Una prestazione piuttosto incerta, dunque, anche se, a questo proposito, va sempre tenuta presente la parzialità delle cronache pervenuteci. In realtà nulla vieta di pensare che Lucio Domizio fosse davvero un ottimo auriga. Comunque fosse, oltre a quelle conquistate sul campo, Nerone fu insignito delle corone di tutte le competizioni in programma, con la formula «Nerone Cesare vince questa gara e ottiene la corona a gloria del popolo di Roma e del mondo intero a lui soggetto», che divenne in pratica quella canonica per l’intero soggiorno nell’Ellade.

Un atleta appassionato
Non appagato dalle glorie olimpiche, il principe gareggiò infatti negli altri Giochi dell’archáia periodos, il circuito antico, e cioè nell’ordine i Pitici (gli unici a svolgersi nell’anno previsto), gli Istmici e i Nemei. Le vittorie ottenute, reali o meno che fossero, diedero comunque modo all’imperatore di fregiarsi del glorioso titolo di periodoníkás, ossia di trionfatore nei quattro grandi appuntamenti tradizionali.
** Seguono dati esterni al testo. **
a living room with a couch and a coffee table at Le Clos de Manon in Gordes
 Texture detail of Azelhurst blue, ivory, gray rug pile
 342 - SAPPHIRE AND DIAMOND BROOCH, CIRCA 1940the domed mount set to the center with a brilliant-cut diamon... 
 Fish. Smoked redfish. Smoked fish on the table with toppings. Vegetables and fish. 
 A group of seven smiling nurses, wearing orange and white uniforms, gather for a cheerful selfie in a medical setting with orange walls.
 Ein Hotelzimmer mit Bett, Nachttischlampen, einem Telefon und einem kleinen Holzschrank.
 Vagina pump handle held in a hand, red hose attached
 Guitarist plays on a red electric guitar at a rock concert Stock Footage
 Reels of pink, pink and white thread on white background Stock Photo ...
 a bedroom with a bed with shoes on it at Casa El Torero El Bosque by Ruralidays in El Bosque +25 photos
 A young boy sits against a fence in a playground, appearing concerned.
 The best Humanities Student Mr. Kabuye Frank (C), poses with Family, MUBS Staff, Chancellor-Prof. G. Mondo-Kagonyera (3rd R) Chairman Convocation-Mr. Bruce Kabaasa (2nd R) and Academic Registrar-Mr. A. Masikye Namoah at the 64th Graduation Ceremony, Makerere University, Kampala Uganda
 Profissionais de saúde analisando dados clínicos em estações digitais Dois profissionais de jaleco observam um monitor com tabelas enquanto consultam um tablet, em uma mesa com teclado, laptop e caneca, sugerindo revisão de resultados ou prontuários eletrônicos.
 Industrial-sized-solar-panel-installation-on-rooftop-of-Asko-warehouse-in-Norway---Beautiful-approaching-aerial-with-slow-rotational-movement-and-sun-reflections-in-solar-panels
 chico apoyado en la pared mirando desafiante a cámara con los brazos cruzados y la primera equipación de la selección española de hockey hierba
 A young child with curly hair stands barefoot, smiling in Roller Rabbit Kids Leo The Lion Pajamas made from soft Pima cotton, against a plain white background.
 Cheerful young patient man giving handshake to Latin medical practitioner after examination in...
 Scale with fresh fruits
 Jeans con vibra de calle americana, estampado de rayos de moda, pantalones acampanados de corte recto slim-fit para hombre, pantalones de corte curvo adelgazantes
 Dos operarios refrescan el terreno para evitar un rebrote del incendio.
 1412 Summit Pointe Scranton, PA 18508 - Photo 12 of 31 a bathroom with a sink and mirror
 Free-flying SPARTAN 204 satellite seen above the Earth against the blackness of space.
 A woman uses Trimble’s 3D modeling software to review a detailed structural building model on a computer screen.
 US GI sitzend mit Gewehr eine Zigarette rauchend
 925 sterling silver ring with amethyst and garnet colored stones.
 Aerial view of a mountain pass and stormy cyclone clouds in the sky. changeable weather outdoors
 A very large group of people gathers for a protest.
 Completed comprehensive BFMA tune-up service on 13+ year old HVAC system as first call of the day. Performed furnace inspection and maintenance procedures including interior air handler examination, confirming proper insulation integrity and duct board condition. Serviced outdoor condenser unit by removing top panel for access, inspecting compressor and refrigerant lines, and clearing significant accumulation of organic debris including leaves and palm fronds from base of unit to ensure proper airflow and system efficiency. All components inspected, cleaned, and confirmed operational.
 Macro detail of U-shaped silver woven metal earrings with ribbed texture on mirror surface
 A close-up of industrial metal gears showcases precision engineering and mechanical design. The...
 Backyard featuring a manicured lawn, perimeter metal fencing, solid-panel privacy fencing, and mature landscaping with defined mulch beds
Il bottino complessivo fu di 1.808 corone e Nerone, sulla cui intelligenza nessun dubbio è stato avanzato neanche dalle fonti più sfavorevoli, era di certo ben conscio dell’adulazione che lo circondava. Ciononostante si preparò sempre con serietà alle gare cui partecipava e non è improbabile che l’apparente farsa rispondesse a una strategia ben definita (il viaggio tra l’altro vide Lucio Domizio proclamare la libertà della Grecia, con un atto simbolico, ma di peso enorme).